اِذْهَبَٓا اِلٰى فِرْعَوْنَ اِنَّهُ طَغٰىۚ
اِذْهَبَٓا اِلٰى فِرْعَوْنَ
Fiil cümlesidir. اِذْهَبَٓا fetha üzere mebni mazi fiildir. Zamir olan tesniye elifi fail olarak mahallen merfûdur.
اِلٰى فِرْعَوْنَ car mecruru اِذْهَبَٓا fiiline müteallıktır. فِرْعَوْنَ kelimesi gayri munsarif olduğu için esre almamıştır. Cer alameti fethadır. Çünkü kendisinde hem alemlik (özel isim olma vasfı) ve hem de ucmelik vasfı (yani Arapça olmama vasfı) bulunmaktadır.
İsimler îrab harekelerinin hepsini alıp almama bakımından ikiye ayrılır:
1. Munsarif isimler: Tenvini ve îrab harekelerinin hepsini gerektiği durumlarda alabilen isimlerdir. Yani ref halinde damme, nasb halinde fetha, cer halinde kesrayı alırlar.

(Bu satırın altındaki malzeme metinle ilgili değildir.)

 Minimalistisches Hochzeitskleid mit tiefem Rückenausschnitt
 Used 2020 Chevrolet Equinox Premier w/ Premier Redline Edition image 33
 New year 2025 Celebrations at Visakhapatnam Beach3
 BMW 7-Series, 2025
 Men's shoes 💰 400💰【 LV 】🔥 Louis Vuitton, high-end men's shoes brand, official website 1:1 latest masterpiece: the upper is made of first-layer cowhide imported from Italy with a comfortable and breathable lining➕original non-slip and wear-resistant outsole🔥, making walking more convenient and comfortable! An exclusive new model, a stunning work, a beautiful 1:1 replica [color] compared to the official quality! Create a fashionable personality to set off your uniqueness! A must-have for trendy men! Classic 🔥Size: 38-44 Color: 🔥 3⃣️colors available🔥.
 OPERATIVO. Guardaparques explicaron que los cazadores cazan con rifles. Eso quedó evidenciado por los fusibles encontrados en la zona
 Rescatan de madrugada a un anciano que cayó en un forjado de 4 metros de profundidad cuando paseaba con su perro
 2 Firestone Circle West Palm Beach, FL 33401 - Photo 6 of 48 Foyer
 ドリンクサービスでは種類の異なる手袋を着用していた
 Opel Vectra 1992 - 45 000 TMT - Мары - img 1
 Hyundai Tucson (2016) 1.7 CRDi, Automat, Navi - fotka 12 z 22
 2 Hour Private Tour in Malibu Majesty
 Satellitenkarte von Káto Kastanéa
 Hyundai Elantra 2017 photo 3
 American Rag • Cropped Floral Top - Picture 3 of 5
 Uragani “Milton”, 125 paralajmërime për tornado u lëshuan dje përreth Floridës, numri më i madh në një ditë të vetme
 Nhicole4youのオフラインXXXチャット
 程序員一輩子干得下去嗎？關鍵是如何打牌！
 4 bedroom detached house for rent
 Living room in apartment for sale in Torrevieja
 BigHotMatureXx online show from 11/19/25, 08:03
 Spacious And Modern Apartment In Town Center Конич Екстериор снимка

2. Gayri munsarif isimler: Kesra (esre) ve tenvini alamayan isimlerdir.
Gayri munsarif isimler esre yerine fetha alırlar. Yani bu isimler ref halinde damme, nasb halinde fetha, cer halinde yine fetha alırlar.
Arapçada bazı isimlerin birtakım özellikleri ve illetleri vardır. Bir ismin munsarif olmasını engelleyen dokuz illet vardır. Bu dokuz illetten ikisi her ne zaman bir isimde bir araya gelse artık o isim gayri munsarif olur. (Arapça Dilbilgisi Ayetlerle Nahiv Bilgisi)
اِنَّهُ طَغٰىۚ
İsim cümlesidir. اِنَّ tekid harfidir. İsim cümlesinin önüne gelir, ismini nasb haberini ref eder. هُ muttasıl zamir اِنَّ ‘nin ismi olarak mahallen mansubdur.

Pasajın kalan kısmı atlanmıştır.